La bâtonnière a également évoqué ses missions régaliennes, notamment en matière de déontologie et de discipline. Elle a mis en avant la nécessité d’une autorégulation efficace pour préserver la crédibilité de la profession et garantir la confiance du public envers les avocats. « Si nous ne nous auto-régulons pas, d’autres le feront à notre place », a‑t-elle averti, en insistant sur l’importance de maintenir des standards éthiques élevés au sein de la profession.
Améliorer la qualité de vie au travail des avocats
Consciente des défis auxquels font face les avocats, Me Michèle Girot-Marc a mis en place plusieurs initiatives pour améliorer la qualité de vie au travail. Elle a créé une commission dédiée à ce sujet, ainsi qu’une cellule d’entraide, « Help Avocats », composée d’avocats honoraires prêts à soutenir les jeunes générations. « Il est important de créer un pont entre les générations », a‑t-elle souligné, ajoutant que cette initiative vise à favoriser le partage d’expérience et à atténuer le sentiment d’isolement que peuvent ressentir les jeunes avocats.
La bâtonnière a également mentionné la création d’une cellule de psychiatrie pour aider les avocats en détresse. « Il n’y a rien de plus insupportable que de ne pas pouvoir accéder à un soutien psychologique en cas d’urgence. » En outre, elle a mis en place des formations sur la gestion du stress et la prévention du burn-out, ainsi qu’une micro-crèche pour faciliter l’équilibre entre vie professionnelle et vie personnelle. « La profession est exigeante, et il est crucial de trouver des solutions pour préserver le bien-être des avocats », a‑t-elle insisté.
Les défis de la profession face aux évolutions sociétales
L’entretien a également abordé les défis que la profession d’avocat doit relever, notamment en matière de médiation et de conciliation. Michèle Girot-Marc a alors réagi aux critiques de Christophe Talon, premier président de la Cour d’appel de Grenoble, qui a plaidé pour une obligation accrue de médiation, lors de l’audience solennelle de rentrée, en janvier 2025.
« Nous avons toujours eu à cœur de trouver des solutions amiables », a‑t-elle affirmé, tout en reconnaissant que le changement de mentalité prend du temps.
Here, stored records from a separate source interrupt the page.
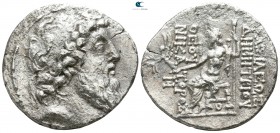 Seleukid Kingdom. Antioch on the Orontes. Demetrios II Nikator, 2nd reign. 129-125 BC. Tetradrachm AR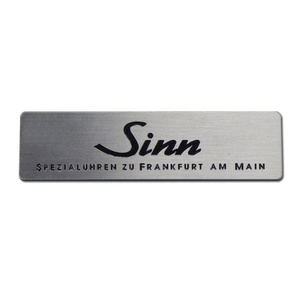 사용자 정의 새겨진 로고 라벨 메탈릭 이름표 금속 플레이트 스테인레스 스틸 이름 플레이트 - Product Image 1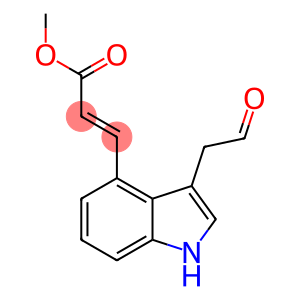 2-Propenoic acid, 3-[3-(2-oxoethyl)-1H-indol-4-yl]-, methyl ester, (2E)-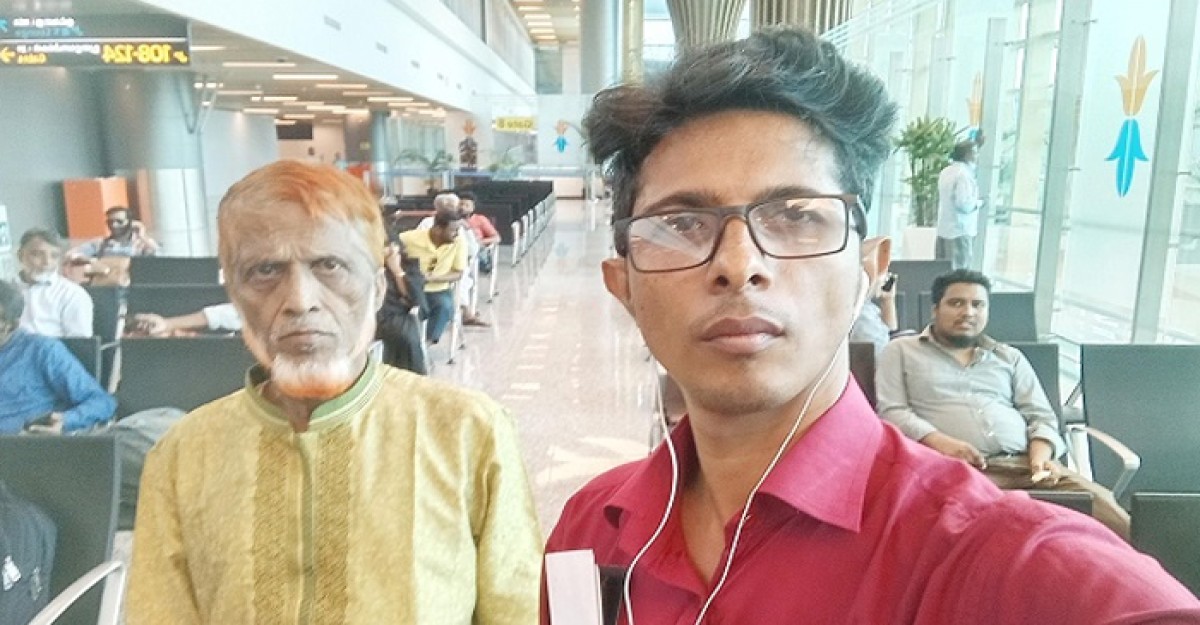 দীর্ঘ ১ মাস ৪ দিন চিকিৎসার পর দেশে ফিরলেন সাংবাদিক নুরুল আলম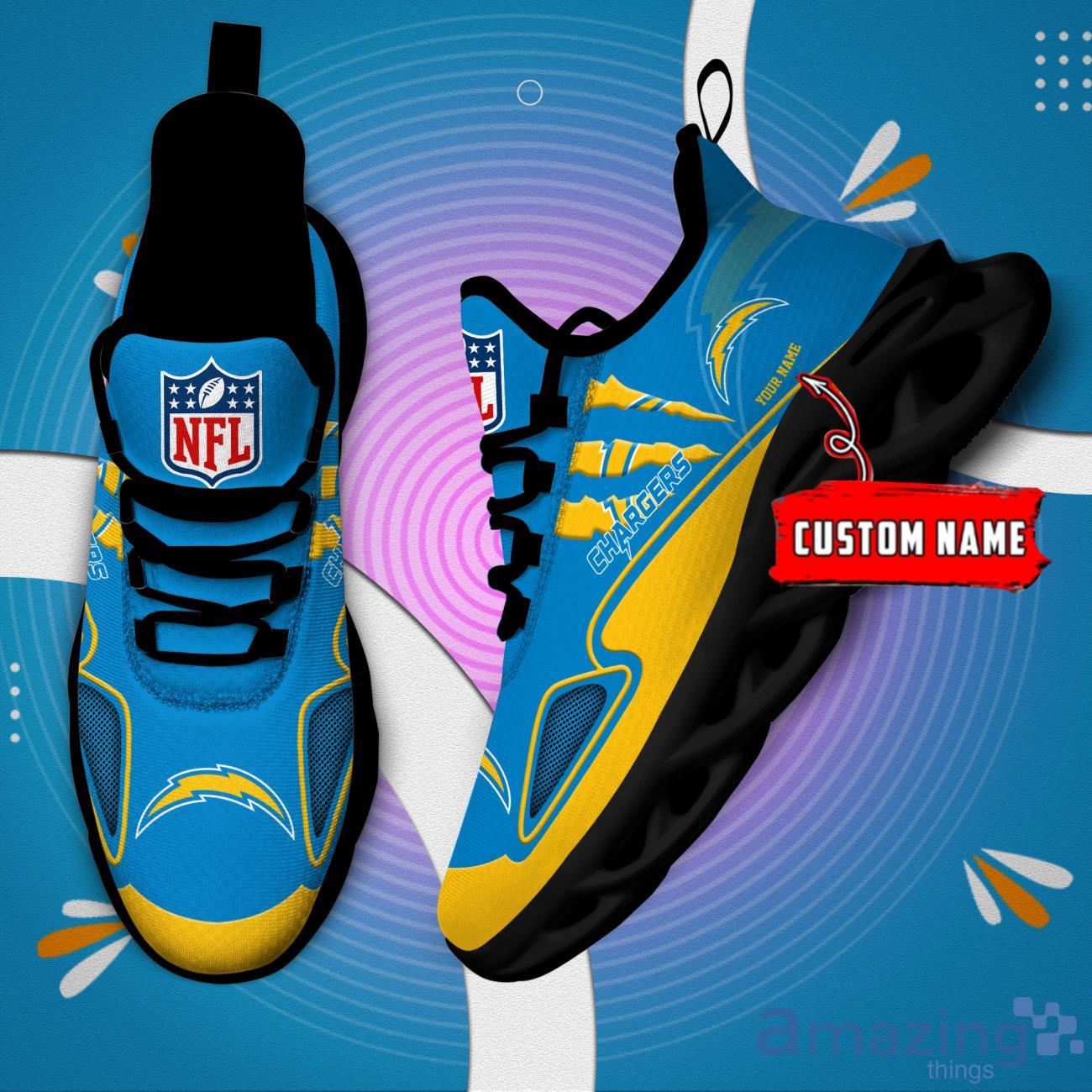 NFL Los Angeles Chargers Custom Name Max Soul Shoes Sneakers Special Gift For Fans Sports image NFL Los Angeles Chargers Custom Name Max Soul Shoes Sneakers Special Gift For Fans Sports Product Photo 1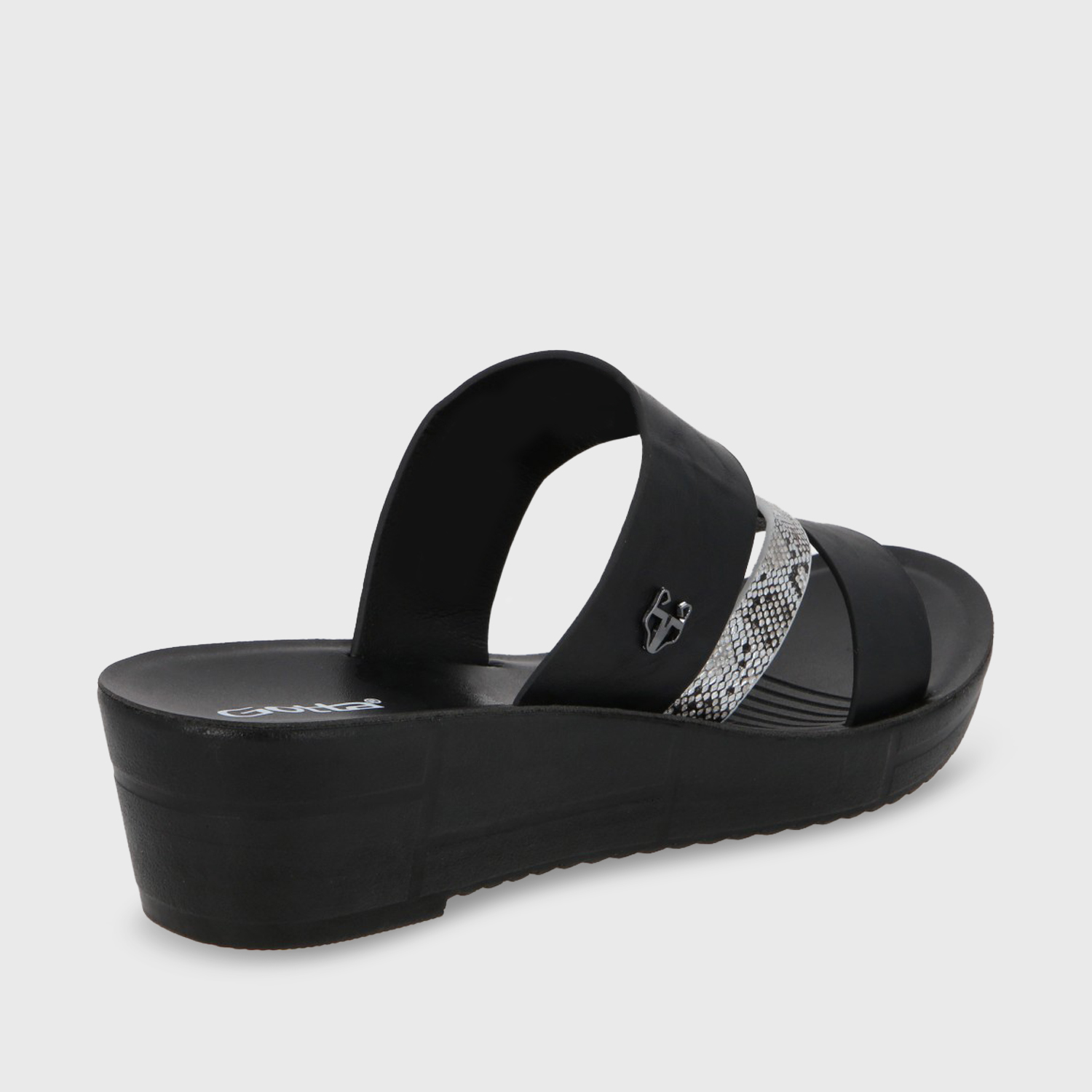 SANDALIA PLATAFORMA MUJER GOTTA NEGRO 13221 - 6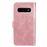 Capa Magunivers para Samsung Galaxy S10| PU |superfície de losango com suporte e alça - Dourado - Rosa_2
Elle a souligné que la médiation est un processus qui nécessite une volonté commune des parties, et qu’imposer cette pratique peut être parfois contre-productif.
Autre sujet évoqué : les dangers qui menacent l’Etat de droit. « Plus on parle de l’Etat de droit, plus cela m’inquiète », a confié la bâtonnière en mettant en garde contre les dérives qui peuvent survenir lorsque des libertés fondamentales sont restreintes au nom de la sécurité. « Nous devons rester vigilants et défendre nos valeurs démocratiques », a‑t-elle déclaré, insistant sur le rôle crucial des avocats dans la protection des droits des citoyens.
Une vision pour l’avenir : éducation et prévention
Concernant la dépénalisation, Michèle Girot-Marc a exprimé des réserves, notamment sur la dépénalisation du cannabis, récemment défendue par Éric Piolle, le maire de Grenoble. « La dépénalisation est un sujet complexe qui ne peut pas être abordé uniquement sous l’angle de la législation », a‑t-elle déclaré.
La bâtonnière a, par ailleurs, mis en avant l’importance d’une approche préventive et éducative pour aborder les questions liées à l’usage de stupéfiants. « Nous devons nous concentrer sur l’éducation et la prévention plutôt que sur la simple dépénalisation », a‑t-elle affirmé, soulignant que des mesures éducatives pourraient être plus efficaces pour réduire les comportements à risque.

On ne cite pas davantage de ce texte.